In the mid-1960s, Neil Davis was trying to develop a rocket range for research at the University of Alaska Fairbanks. Serendipity, of a sort, clinched the effort.
A U.S. plane carrying nuclear bombs crashed in Greenland in early 1968, prompting Denmark to evict several American military experiments. The military went looking for another northern location for some of its rocket-based research. Davis, then assistant director of the Geophysical Institute, offered up Fairbanks.
Trouble was, he didn't yet have a rocket range. The institute nevertheless got the contract and finished a makeshift facility in time for the military's first launch in 1969. Poker Flat Research Range has operated ever since; its 338th major launch came in 2017. Much of the work today involves studies of the aurora borealis.
Davis came to Fairbanks as a young boy in the 1940s. His parents, after struggling through the Great Depression, had gotten work on military projects in Alaska. They homesteaded in North Pole and later operated a sawmill.

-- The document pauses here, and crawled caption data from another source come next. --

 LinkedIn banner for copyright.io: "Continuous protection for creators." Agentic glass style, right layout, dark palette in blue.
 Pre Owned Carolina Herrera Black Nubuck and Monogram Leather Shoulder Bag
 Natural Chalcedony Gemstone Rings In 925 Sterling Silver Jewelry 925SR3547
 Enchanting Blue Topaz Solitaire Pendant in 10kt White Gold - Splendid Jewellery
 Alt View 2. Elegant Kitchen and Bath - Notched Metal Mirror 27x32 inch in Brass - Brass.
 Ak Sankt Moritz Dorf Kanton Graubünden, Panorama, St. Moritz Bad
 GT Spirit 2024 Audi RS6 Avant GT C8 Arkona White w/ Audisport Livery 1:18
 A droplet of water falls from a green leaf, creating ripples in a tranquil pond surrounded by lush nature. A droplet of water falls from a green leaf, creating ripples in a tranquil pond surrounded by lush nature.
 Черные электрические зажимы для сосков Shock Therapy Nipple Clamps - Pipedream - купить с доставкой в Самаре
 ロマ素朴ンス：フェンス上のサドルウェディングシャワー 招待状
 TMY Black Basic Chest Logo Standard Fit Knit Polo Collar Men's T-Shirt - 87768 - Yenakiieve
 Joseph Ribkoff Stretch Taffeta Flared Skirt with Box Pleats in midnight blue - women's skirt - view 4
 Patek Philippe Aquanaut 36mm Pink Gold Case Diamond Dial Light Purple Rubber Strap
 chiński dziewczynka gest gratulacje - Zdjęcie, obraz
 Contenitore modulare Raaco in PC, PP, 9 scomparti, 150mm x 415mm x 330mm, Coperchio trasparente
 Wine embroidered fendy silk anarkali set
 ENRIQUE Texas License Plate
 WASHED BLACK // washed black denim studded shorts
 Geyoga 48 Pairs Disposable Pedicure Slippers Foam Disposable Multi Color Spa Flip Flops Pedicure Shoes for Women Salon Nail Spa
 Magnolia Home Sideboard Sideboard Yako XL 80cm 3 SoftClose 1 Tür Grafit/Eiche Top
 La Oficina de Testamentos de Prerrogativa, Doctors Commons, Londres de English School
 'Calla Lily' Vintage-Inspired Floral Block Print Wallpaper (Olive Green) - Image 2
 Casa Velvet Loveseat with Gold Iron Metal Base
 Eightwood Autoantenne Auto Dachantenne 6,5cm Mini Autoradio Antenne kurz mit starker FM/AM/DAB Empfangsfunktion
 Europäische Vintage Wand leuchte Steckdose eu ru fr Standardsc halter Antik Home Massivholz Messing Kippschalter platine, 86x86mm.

Davis didn't do well in high school and dropped out to work as a mechanic for Wien Airlines. Intrigued by science, though, he returned to studies that culminated in a doctoral degree in geophysics from the University of Alaska. He spent a few years at NASA's Goddard Space Flight Center in Maryland before returning to UAF with the experience he needed when the Army came looking for a northern rocket range.
Davis and his wife, Rosemarie, built homes and raised a family in Fairbanks. He retired from the university in 1981 and dedicated himself to writing. He completed a dozen books on topics from the autobiographical to the scientific. He died in December 2016.
"A slayer of trees and power lines, Neil was also a builder extraordinaire, using whatever might be at hand or found in a dumpster. He built sheds, cabins, boats, a steam engine and a rocket range," his family wrote in his obituary. "Neil's life was a fascinating mixture of pioneering spirit, cutting-edge technology and science."